Mengutip data yang diberikan oleh The Fed pada Rabu (14/12) lalu, pemerintah memiliki kesempatan untuk menaikkan suku bunga acuan sebanyak tiga kali dalam 2017, lebih dari pernyataan sebelumnya yang hanya dua kali. Dalam kesempatan tersebut, The Fed memberikan sinyal bahwa suku bunga acuan meningkat menjadi 0,5-0,75%. Ini menunjukkan bahwa terdapat variasi dalam pergerakan suku bunga pada level pasar, dan penting bagi BI dan pemerintah untuk mengambil kebijakan berbasis data terkini yang diambil dari sinyal pasar, serta data ekonomi yang dihasilkan dari pemantauan ekspor dan inflasi. Karena itu, pemerintah terus mendorong koordinasi dengan BI agar dapat menjaga laju inflasi pada kisaran 4% plus minus 1% pada tahun 2017. Perubahan kebijakan ini mengacu pada kejadian ekonomi yang terus berlangsung dan perlu didukung oleh kebijakan ekspor yang terus meningkat, yang didorong oleh pemulihan harga komoditi di pasar global.
Baca Juga:
Pada pengembangan ekspor, Mirza menilai bahwa pemulihan ekonomi Cina merupakan salah satu mitra dagang yang terbesar terhadap Indonesia. Perkembangan ekspor yang didukung oleh perbaikan ekonomi Cina di tahun 2017 sangat menarik karena dapat memberikan sumber daya ekspor yang terus meningkat. Ini menunjukkan bahwa perbaikan ekspor dapat digunakan sebagai satu-satunya indikator penting untuk memperoleh perkembangan ekonomi yang mengalami pemulihan secara global. Karena ini, BI dan pemerintah terus bekerja bersama untuk mendukung kebijakan ekonomi yang dapat memperkuat stabilitas ekonomi Indonesia. Selain itu, Mirza juga mengungkapkan bahwa jika inflasi dan ekspor ini membaik, maka meskipun suku bunga Federal Reserve naik, pemulihan ekonomi Indonesia akan terus berlanjut.

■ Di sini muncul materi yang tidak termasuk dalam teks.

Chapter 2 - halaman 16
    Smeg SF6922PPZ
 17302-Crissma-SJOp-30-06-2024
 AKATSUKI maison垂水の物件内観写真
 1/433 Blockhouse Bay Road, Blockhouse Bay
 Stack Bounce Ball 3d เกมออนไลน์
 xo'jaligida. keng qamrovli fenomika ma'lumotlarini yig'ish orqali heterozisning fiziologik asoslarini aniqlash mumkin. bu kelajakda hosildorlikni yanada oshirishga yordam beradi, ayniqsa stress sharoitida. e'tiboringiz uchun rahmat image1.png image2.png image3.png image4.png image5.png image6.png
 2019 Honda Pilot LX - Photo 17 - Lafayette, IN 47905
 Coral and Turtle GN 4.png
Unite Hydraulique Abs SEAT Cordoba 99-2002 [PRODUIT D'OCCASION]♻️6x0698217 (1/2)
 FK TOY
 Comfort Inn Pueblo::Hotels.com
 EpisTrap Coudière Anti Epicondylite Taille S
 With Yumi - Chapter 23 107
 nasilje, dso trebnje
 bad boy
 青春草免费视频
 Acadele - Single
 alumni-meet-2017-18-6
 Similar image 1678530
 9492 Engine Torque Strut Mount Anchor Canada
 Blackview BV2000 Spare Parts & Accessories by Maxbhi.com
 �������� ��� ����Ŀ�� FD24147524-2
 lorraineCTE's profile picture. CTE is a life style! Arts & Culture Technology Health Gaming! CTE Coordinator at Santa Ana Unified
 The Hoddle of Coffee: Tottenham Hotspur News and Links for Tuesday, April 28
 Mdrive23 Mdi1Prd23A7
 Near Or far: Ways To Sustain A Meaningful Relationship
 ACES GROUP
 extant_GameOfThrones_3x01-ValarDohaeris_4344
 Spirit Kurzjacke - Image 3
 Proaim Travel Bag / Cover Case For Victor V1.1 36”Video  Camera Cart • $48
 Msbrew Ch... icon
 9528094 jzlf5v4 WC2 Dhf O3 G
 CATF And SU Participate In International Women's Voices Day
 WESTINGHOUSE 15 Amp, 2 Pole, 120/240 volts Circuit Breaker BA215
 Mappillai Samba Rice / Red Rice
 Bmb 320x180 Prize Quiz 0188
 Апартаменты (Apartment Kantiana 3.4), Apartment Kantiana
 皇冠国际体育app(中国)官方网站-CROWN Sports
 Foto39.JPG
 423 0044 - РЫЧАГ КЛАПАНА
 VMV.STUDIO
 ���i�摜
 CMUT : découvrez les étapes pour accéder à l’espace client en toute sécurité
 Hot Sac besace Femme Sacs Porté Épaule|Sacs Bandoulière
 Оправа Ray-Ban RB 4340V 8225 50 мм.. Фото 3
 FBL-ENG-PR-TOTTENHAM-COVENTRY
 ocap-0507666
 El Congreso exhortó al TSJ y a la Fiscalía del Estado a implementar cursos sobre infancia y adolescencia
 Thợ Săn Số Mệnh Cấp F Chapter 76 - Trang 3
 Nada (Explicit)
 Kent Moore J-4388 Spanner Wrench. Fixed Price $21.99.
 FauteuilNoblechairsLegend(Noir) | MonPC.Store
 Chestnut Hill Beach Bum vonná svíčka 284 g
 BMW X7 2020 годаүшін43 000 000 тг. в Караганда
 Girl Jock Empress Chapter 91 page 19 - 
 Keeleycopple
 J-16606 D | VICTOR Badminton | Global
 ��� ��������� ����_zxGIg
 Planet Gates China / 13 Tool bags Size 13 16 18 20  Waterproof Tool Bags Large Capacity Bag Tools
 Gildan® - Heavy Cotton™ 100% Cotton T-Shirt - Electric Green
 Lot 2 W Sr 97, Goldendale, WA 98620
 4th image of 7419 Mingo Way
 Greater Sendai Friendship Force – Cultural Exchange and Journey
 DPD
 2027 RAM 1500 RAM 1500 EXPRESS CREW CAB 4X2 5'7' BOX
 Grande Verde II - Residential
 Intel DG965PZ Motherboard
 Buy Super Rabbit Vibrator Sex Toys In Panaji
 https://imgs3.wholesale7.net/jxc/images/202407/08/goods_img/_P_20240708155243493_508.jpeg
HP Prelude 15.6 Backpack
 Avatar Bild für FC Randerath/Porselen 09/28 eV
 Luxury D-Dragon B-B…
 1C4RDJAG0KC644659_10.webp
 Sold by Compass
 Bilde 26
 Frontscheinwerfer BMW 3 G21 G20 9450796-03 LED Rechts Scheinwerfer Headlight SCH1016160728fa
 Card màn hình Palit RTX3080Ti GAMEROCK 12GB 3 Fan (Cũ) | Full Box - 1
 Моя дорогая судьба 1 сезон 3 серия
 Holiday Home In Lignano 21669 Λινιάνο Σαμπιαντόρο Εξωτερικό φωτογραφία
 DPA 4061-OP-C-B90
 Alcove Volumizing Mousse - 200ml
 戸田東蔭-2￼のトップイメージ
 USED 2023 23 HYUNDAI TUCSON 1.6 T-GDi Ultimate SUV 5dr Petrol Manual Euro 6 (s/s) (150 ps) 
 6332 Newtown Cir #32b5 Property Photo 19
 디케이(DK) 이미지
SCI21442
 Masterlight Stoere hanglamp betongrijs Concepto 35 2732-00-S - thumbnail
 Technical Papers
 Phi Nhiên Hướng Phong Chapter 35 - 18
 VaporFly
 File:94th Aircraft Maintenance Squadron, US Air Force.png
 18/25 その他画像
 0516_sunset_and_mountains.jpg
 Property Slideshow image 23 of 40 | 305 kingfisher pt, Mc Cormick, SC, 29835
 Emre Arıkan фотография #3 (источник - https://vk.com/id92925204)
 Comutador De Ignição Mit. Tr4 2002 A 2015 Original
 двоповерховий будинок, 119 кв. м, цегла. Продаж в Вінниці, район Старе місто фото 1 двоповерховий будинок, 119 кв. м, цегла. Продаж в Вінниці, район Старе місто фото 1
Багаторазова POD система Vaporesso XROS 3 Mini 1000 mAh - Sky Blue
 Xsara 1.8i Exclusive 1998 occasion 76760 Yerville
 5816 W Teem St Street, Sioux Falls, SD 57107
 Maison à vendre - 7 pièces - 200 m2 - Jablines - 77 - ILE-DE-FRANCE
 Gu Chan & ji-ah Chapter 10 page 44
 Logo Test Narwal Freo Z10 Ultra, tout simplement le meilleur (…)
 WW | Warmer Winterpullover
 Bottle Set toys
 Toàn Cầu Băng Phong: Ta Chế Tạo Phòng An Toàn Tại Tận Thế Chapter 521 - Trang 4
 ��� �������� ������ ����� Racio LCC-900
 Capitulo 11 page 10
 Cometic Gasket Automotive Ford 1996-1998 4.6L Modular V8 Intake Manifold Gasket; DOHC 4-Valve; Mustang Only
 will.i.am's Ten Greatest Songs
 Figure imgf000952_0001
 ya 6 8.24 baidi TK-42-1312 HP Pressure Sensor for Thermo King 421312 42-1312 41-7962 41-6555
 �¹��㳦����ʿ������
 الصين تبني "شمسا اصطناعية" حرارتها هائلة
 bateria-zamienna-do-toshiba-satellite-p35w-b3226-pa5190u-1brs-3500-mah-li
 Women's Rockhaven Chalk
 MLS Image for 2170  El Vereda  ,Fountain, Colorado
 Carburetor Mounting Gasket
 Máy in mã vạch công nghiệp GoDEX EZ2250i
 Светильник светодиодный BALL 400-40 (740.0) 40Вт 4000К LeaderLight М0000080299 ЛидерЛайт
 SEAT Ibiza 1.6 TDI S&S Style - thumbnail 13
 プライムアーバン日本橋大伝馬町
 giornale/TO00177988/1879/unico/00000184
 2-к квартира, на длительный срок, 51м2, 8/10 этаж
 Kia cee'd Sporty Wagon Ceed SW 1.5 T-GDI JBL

Menggambarkan lebih dalam, penilaian ini mengacu pada faktor-faktor ekonomi yang memperkuat kembali pemulihan ekonomi Indonesia meskipun di tengah kebijakan moneter yang menekan. Kinerja perbankan pun menjadi sangat penting dalam sistem ini karena pengurangan suku bunga kredit dapat membantu mempercepat pengembalian jaringan kredit kepada masyarakat, serta mengurangi efek dari penurunan pengeluaran dari masyarakat terhadap penggunaan uang. Namun, jika inflasi terus meningkat, maka efisiensi dari perbankan akan menjadi lebih terbatas karena bunga kredit menjadi lebih tinggi dan mempengaruhi kegiatan masyarakat. Dari penjelasan ini, BI dan pemerintah tetap harus berkoordinasi dalam mengambil kebijakan yang dapat memastikan keterhubungan dan keamanan ekonomi Indonesia. Penyusunan dan koordinasi terhadap kebijakan ini merupakan langkah penting untuk memastikan bahwa kebijakan moneter tidak menjadi sumber kecemasan dalam kehidupan masyarakat, namun juga menjadi jembatan bagi pemulihan ekonomi yang terus berjalan.